## EXERCISE MATERIAL
--------------------------------------------------

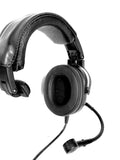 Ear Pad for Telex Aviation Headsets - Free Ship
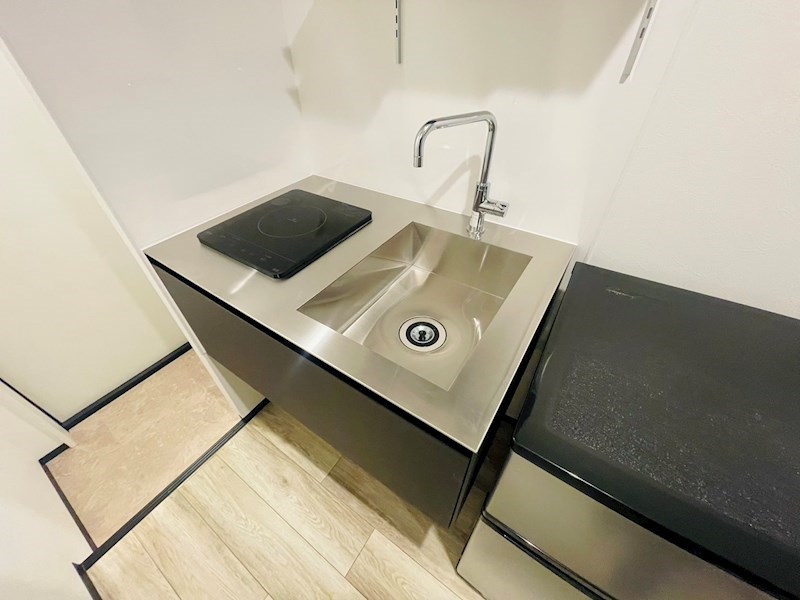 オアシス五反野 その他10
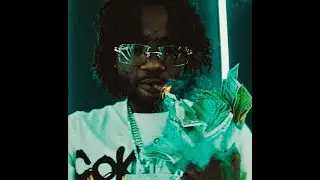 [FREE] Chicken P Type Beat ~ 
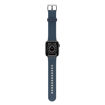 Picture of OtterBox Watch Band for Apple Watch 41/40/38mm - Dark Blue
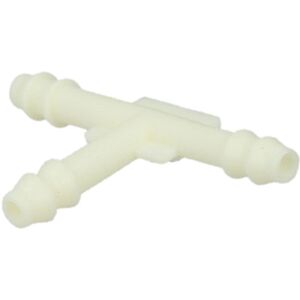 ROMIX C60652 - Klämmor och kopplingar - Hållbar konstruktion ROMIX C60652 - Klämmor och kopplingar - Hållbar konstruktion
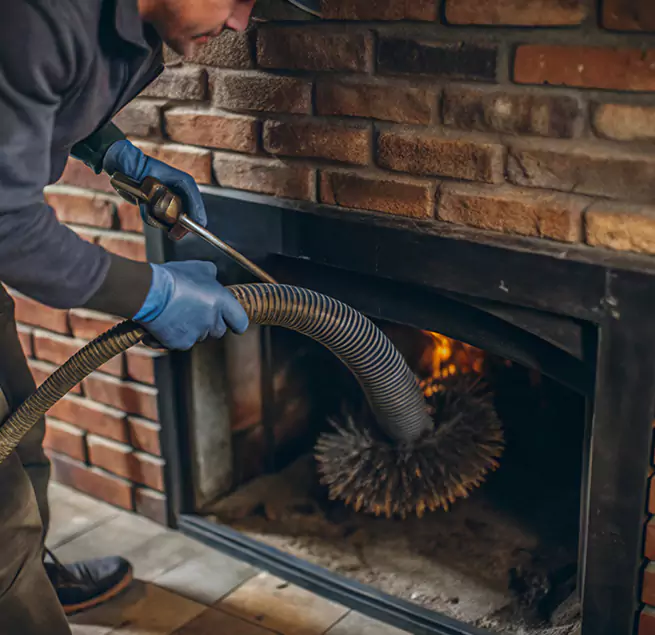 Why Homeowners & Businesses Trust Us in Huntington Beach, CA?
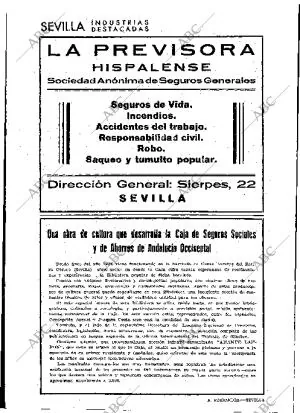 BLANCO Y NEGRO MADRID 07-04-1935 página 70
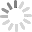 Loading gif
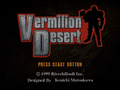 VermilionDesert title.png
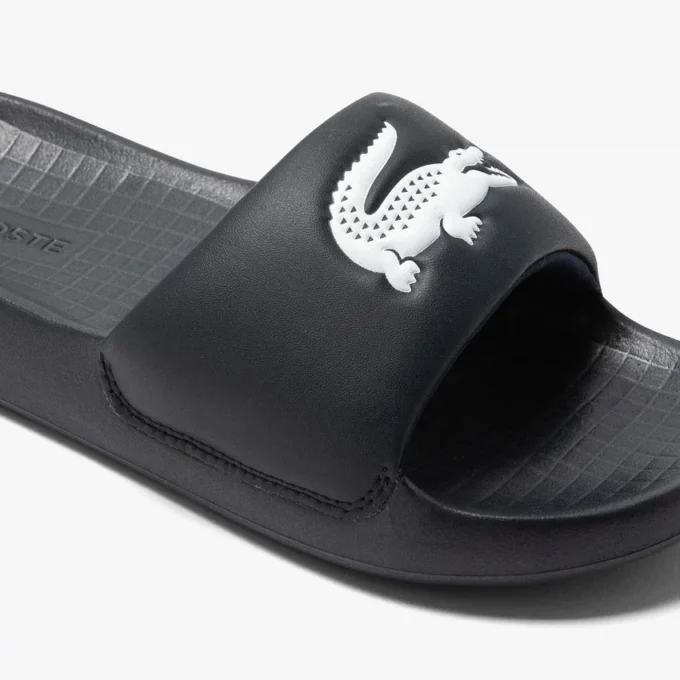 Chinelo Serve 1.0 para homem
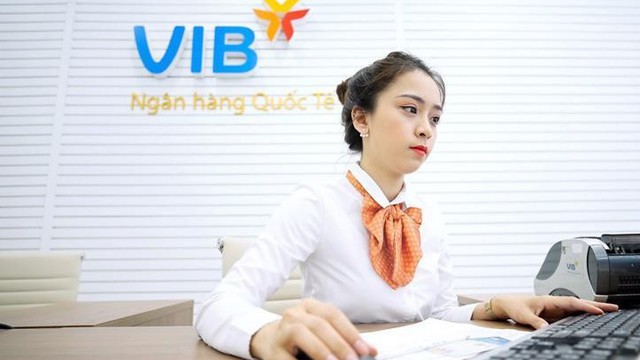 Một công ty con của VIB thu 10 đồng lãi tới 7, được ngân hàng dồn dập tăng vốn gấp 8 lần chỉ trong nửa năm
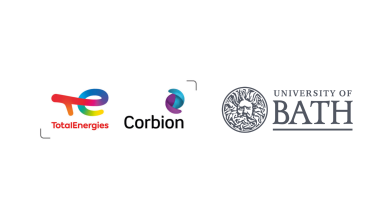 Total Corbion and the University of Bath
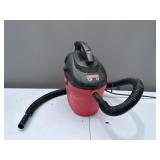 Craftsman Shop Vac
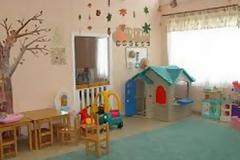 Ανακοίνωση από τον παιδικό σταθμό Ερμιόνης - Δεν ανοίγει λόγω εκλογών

--------------------------------------------------

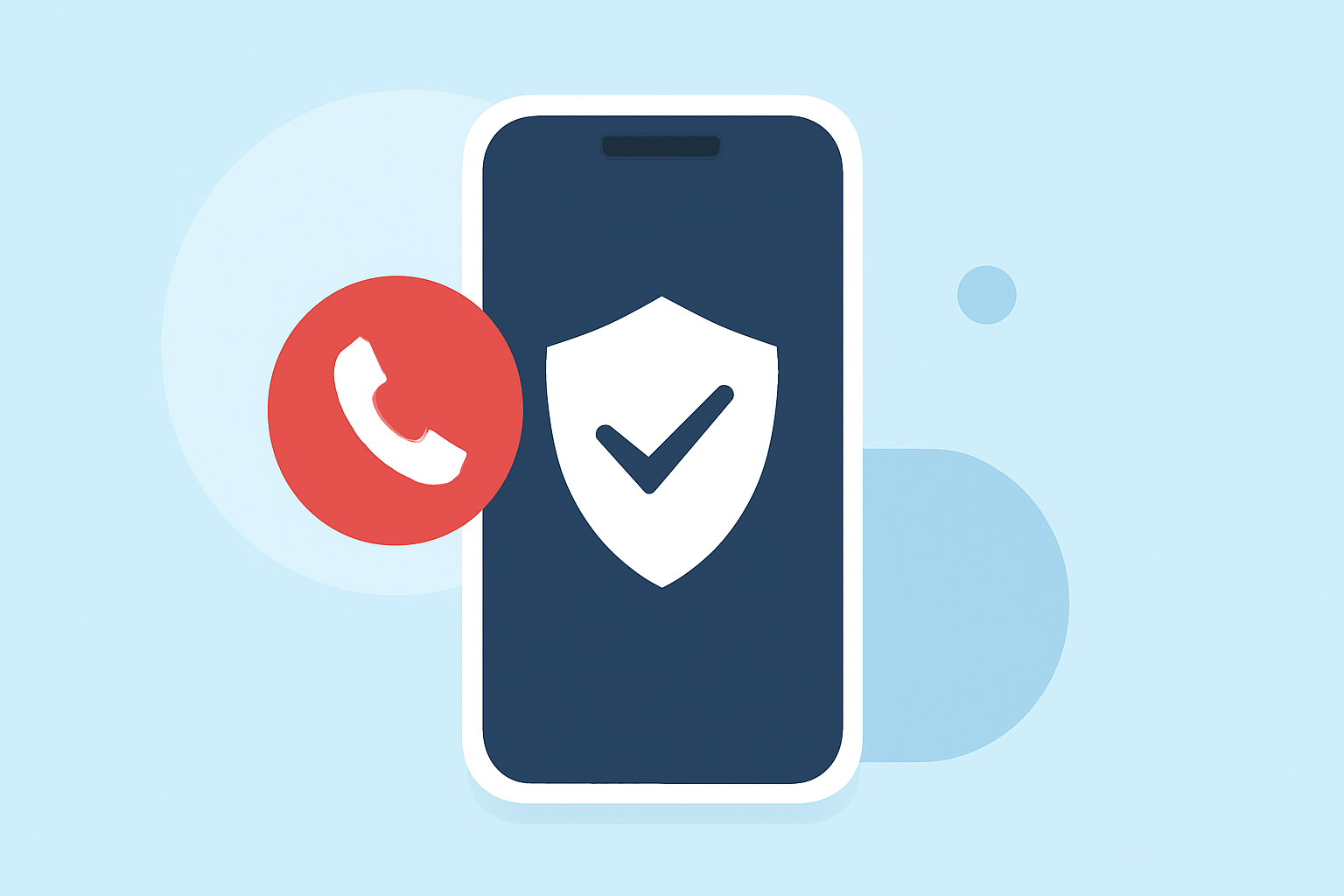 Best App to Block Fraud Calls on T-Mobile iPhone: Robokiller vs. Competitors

--------------------------------------------------

## EXERCISE PROMPT
Word for word, repeat the lines above from the one with "Ear Pad for" through the one with "Hållbar konstruktion ROMIX", and nothing beyond them. Omit the pictures.

## TASK ANSWER
 Ear Pad for Telex Aviation Headsets - Free Ship
 オアシス五反野 その他10
 [FREE] Chicken P Type Beat ~ 
 Picture of OtterBox Watch Band for Apple Watch 41/40/38mm - Dark Blue
 ROMIX C60652 - Klämmor och kopplingar - Hållbar konstruktion ROMIX C60652 - Klämmor och kopplingar - Hållbar konstruktion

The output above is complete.